Neven Caplar
Neven is a research scientist at the University of Washington / Rubin Observatory focused on developing scalable tools and methods to analyze time-domain data from large surveys. His current research involves building software, including contributions to LSDB and HATS, which support cross-matching and large-scale analytics across datasets from sources like the Rubin Observatory. He received his PhD from ETH Zurich and worked previously at Princeton University, developing a data reduction pipeline for Prime Focus Spectrograph at Subaru Observatory.
Session
In recent years, the exponential growth of large survey catalogs has introduced new challenges in the joint analysis of astronomical datasets, particularly as we move towards handling petabytes of data. Our demo will showcase the latest advancements in our Large Survey DataBase (LSDB) framework. The framework utilizes a particular hierarchically sharded spatial partitioning of large datasets, using Parquet to store the data. This approach facilitates efficient and scalable cross-matching and analysis of big datasets.

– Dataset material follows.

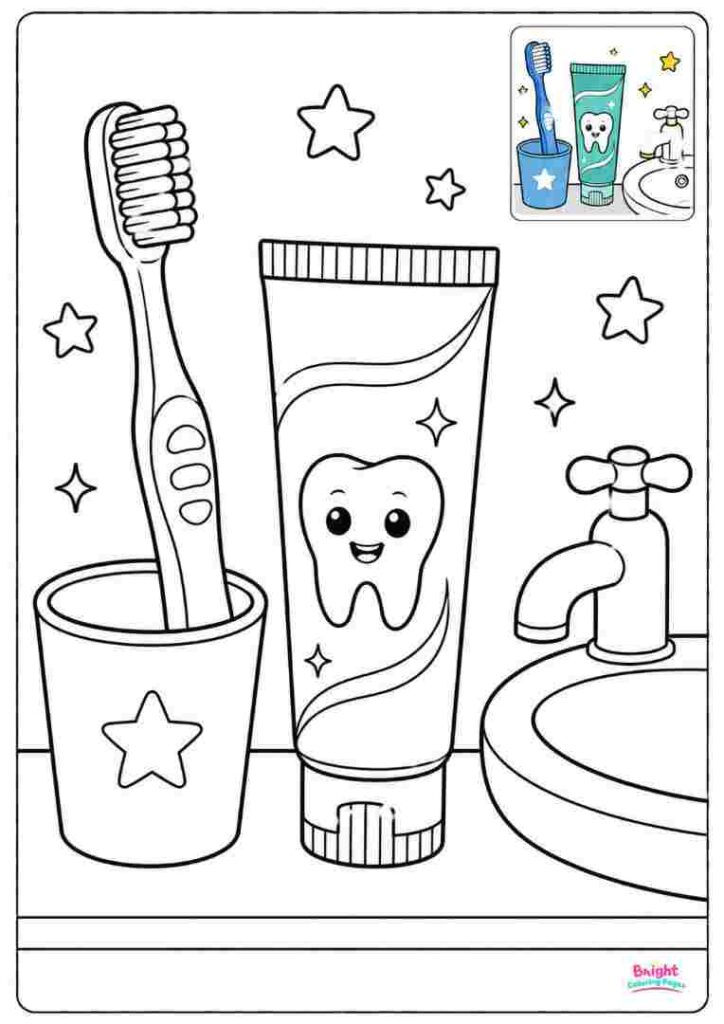 Toothpaste and Toothbrush Coloring Page
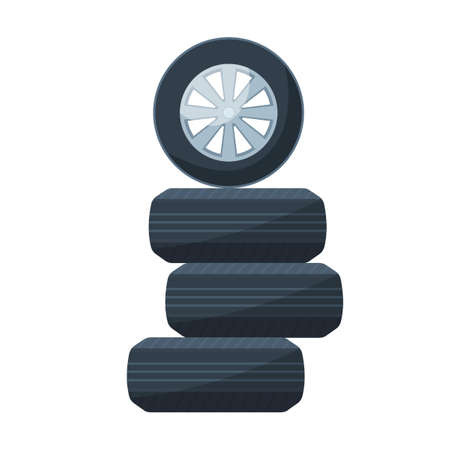 Set of replacement car wheels.  race winner. Vector illustration of driver in uniform, medals for victory. Cartoon racer character, racing carのイラスト素材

In this demo, we will explore the new features in LSDB; such as support for nested Pandas/Dask, making it easier to work on time-domain data and spectral data by storing observations from the same astronomical objects in the same dataframe row. We will demonstrate how users can start their analysis on small subsection of sky and easily scale up their analysis after initial testing. We will showcase the cross-matching ability across large datasets and demonstrate real-world applications by applying analysis functions on complete wide-sky synoptic datasets. We will highlight our collaborations with our partners (such as STScl, IPAC, Rubin, and CDS) to provide various catalogs in this format and show how we can utilize the Fornax cloud platform to work with diverse datasets in a unified cloud-based framework.